→ Supplied records:
Start of Block
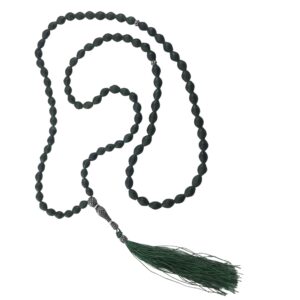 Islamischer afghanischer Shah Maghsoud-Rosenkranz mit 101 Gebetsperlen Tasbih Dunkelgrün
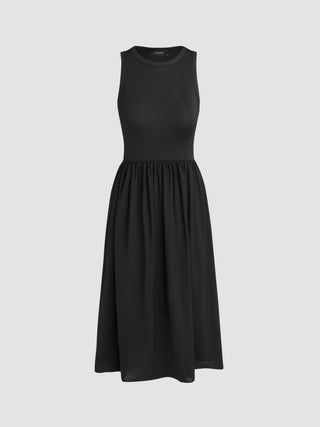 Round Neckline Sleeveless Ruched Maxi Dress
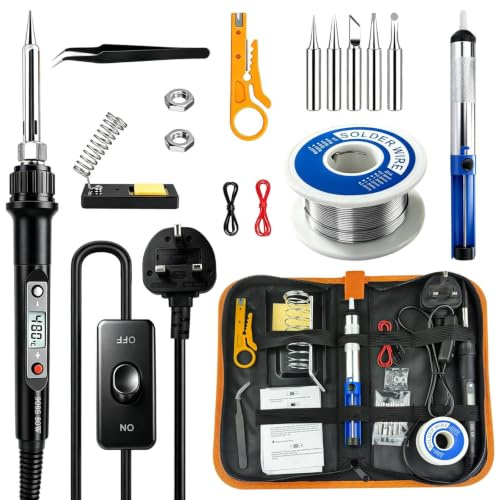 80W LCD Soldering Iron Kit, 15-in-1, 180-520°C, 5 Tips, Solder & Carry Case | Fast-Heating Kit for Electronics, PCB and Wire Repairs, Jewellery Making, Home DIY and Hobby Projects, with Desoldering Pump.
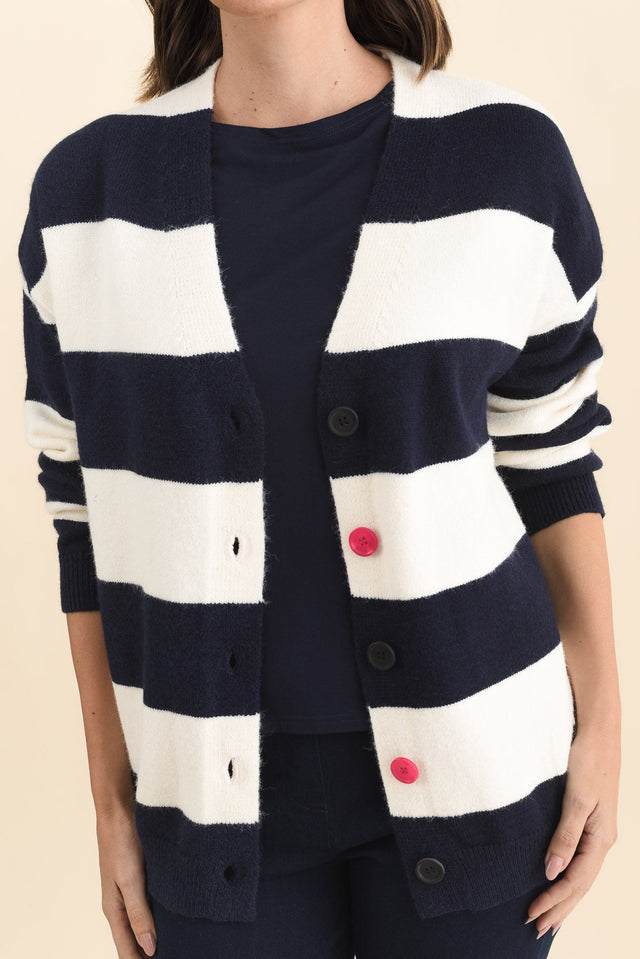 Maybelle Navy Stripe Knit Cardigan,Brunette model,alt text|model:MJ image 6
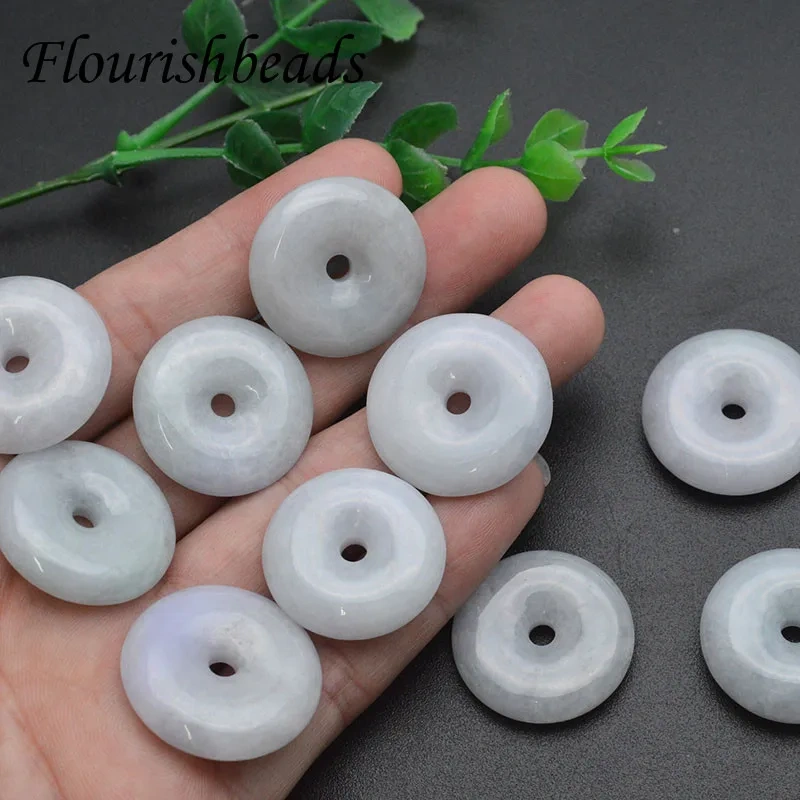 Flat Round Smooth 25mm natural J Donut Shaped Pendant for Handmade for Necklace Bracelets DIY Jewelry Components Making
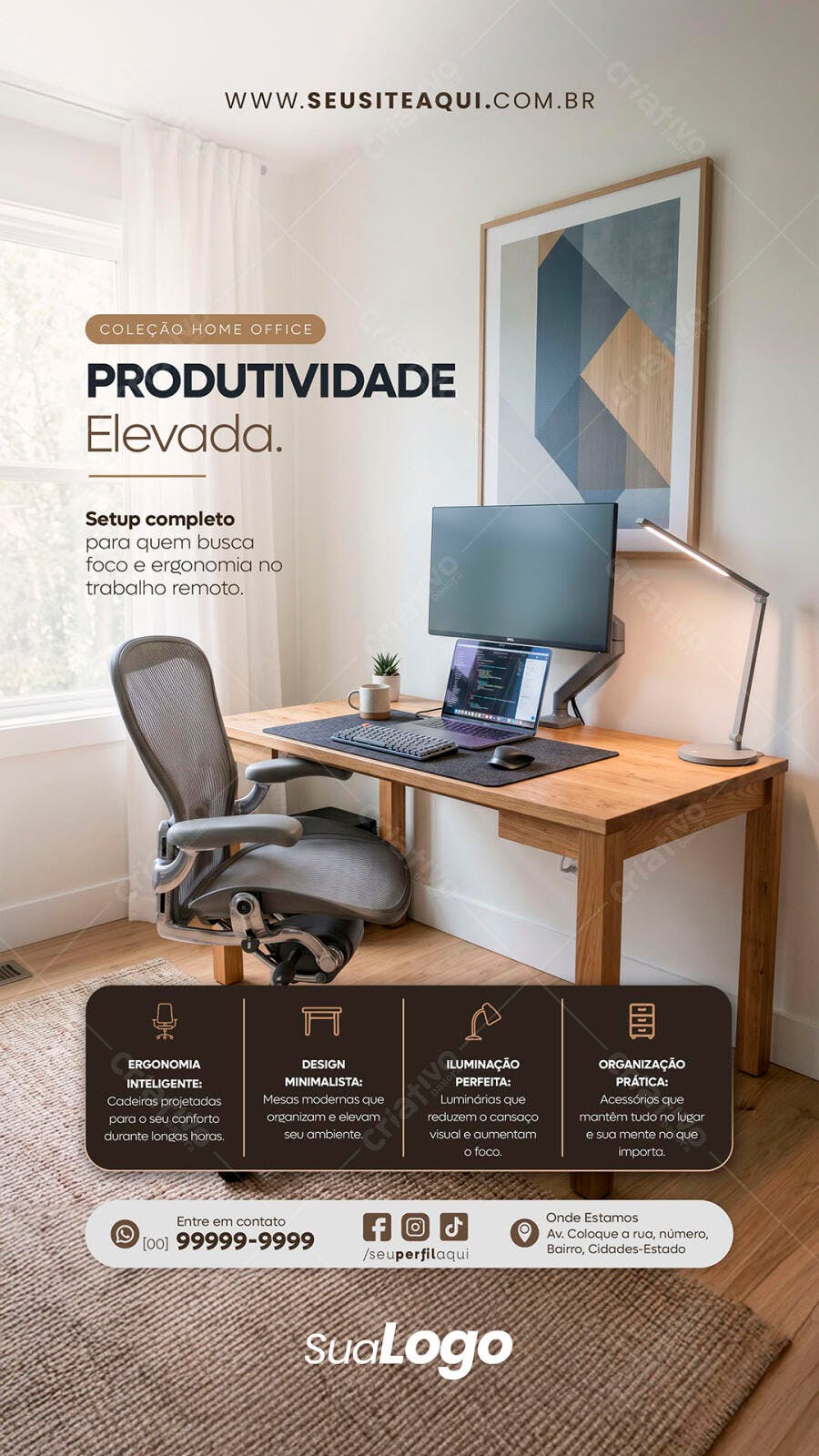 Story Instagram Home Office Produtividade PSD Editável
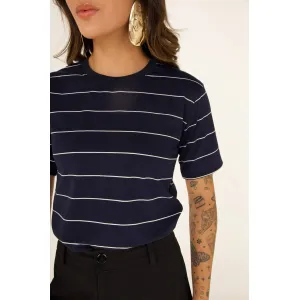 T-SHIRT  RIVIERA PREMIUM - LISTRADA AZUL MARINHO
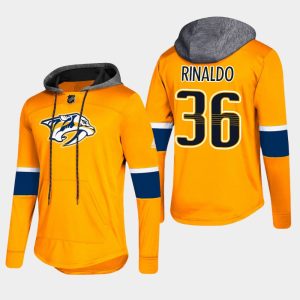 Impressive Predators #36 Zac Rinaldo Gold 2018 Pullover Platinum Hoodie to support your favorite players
End of Block
Start of Block
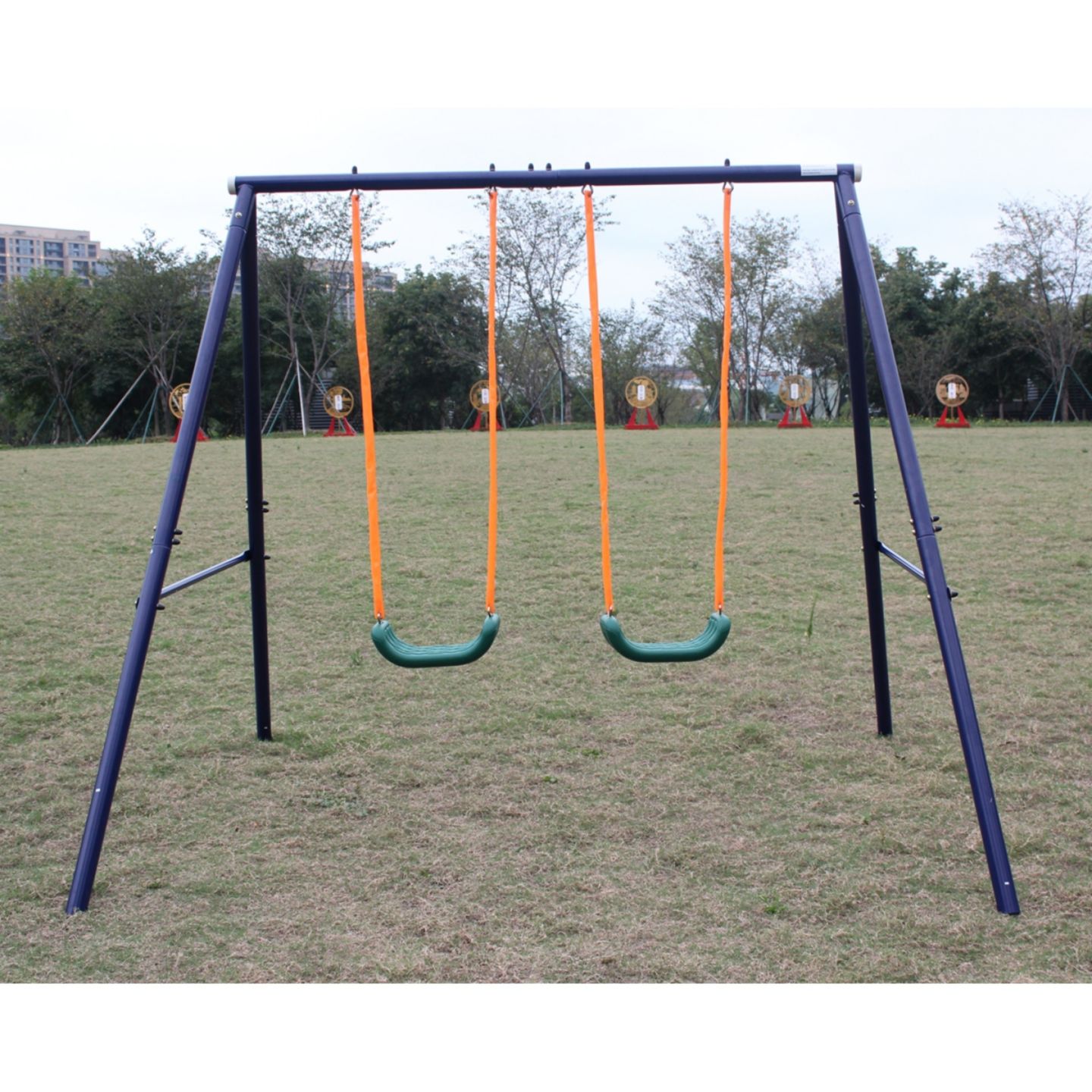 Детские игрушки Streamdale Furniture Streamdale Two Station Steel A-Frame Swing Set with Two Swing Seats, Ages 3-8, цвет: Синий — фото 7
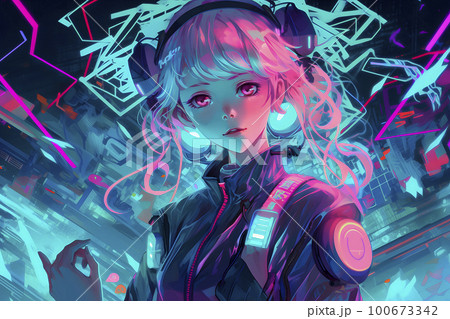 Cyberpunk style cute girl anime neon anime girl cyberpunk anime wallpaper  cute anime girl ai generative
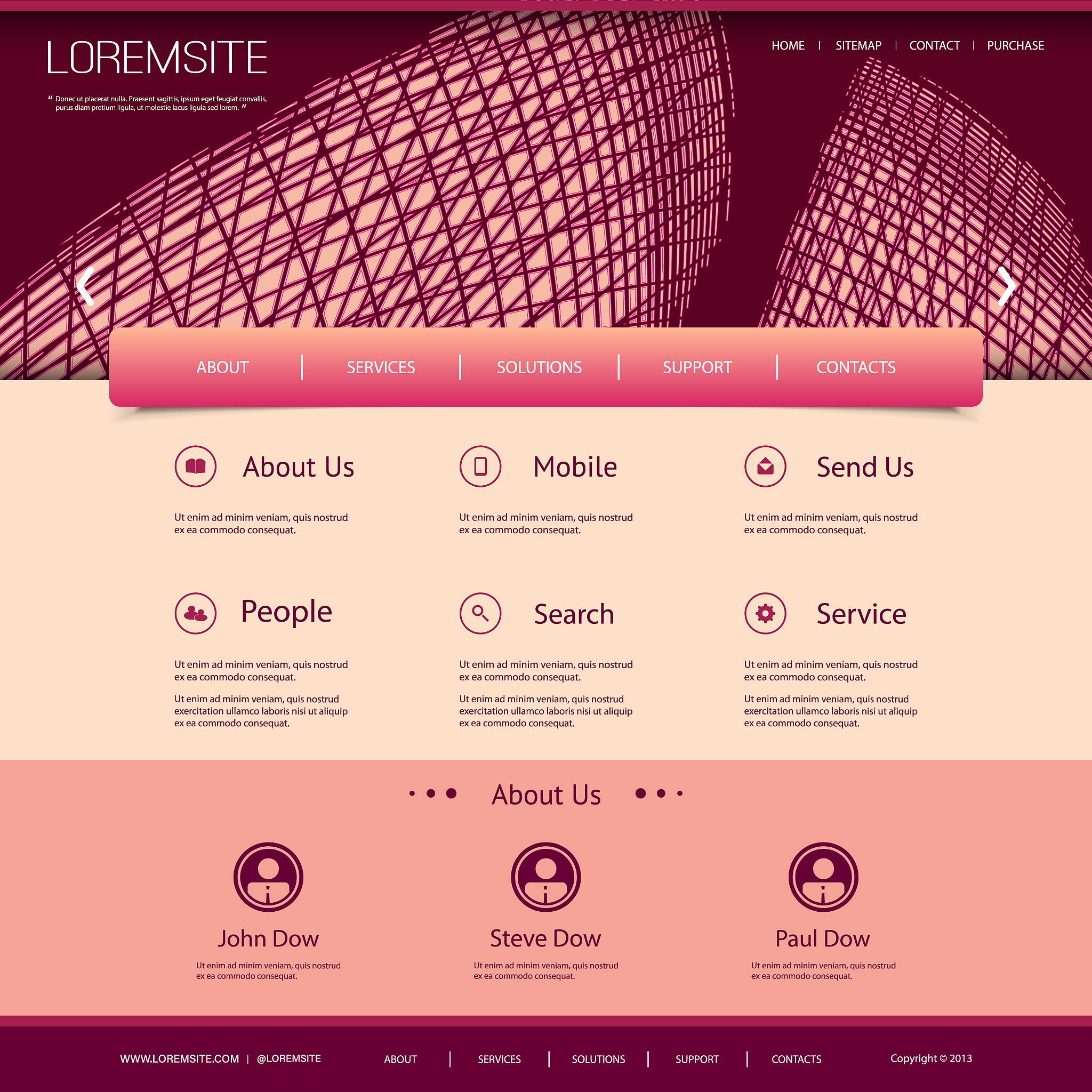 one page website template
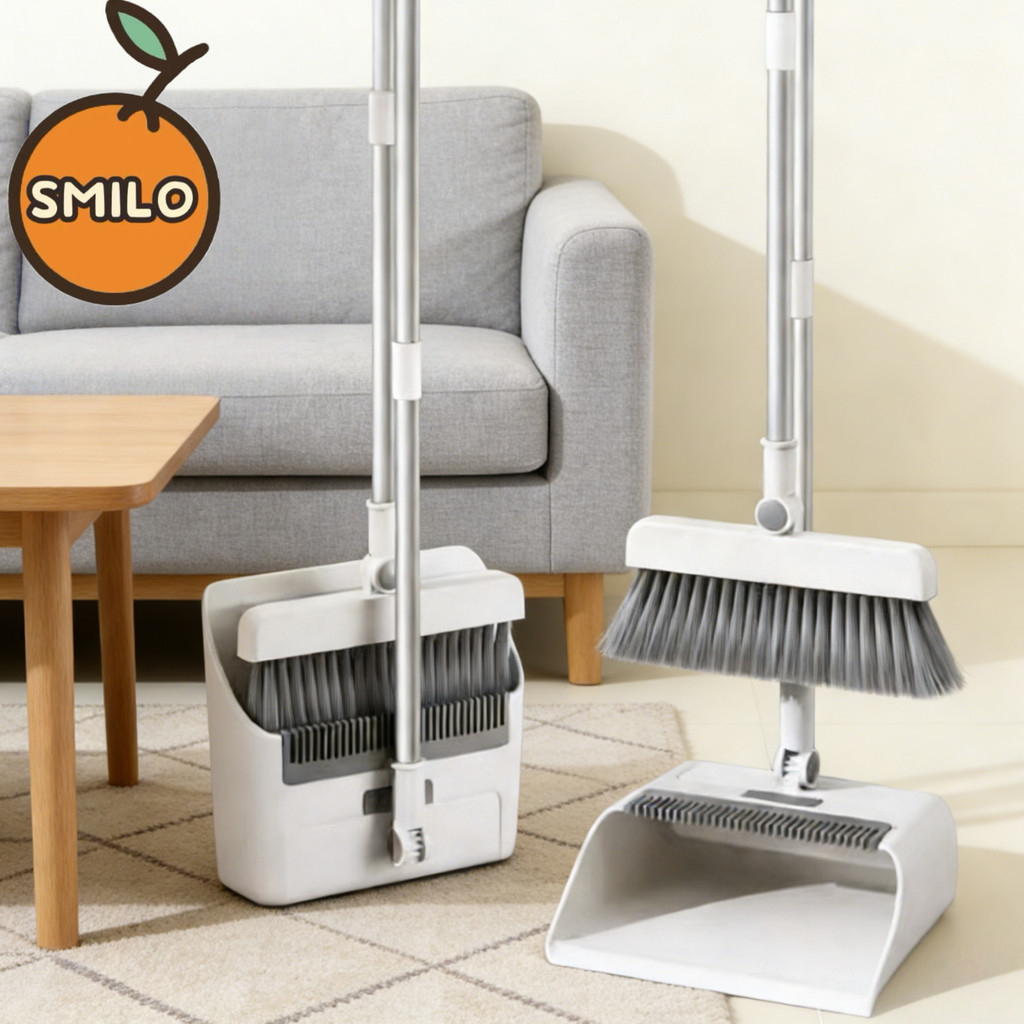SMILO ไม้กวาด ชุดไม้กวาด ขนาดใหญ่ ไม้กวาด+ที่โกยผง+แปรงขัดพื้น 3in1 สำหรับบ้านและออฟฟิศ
End of Block
Start of Block
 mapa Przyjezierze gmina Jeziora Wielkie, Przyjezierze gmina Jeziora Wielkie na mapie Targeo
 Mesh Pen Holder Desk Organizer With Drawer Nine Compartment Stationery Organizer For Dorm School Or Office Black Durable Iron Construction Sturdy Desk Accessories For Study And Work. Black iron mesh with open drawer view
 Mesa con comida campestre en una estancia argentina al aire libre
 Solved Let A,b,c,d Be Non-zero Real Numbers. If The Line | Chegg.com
End of Block
→ What is being asked: Look back at the data above, then output exactly the lines from the line holding "Cyberpunk style cute" up to and including the line holding "SMILO ไม้กวาด ชุดไม้กวาด". Leave out the pictures.

→ Response to this exercise:
 Cyberpunk style cute girl anime neon anime girl cyberpunk anime wallpaper  cute anime girl ai generative
 one page website template
SMILO ไม้กวาด ชุดไม้กวาด ขนาดใหญ่ ไม้กวาด+ที่โกยผง+แปรงขัดพื้น 3in1 สำหรับบ้านและออฟฟิศ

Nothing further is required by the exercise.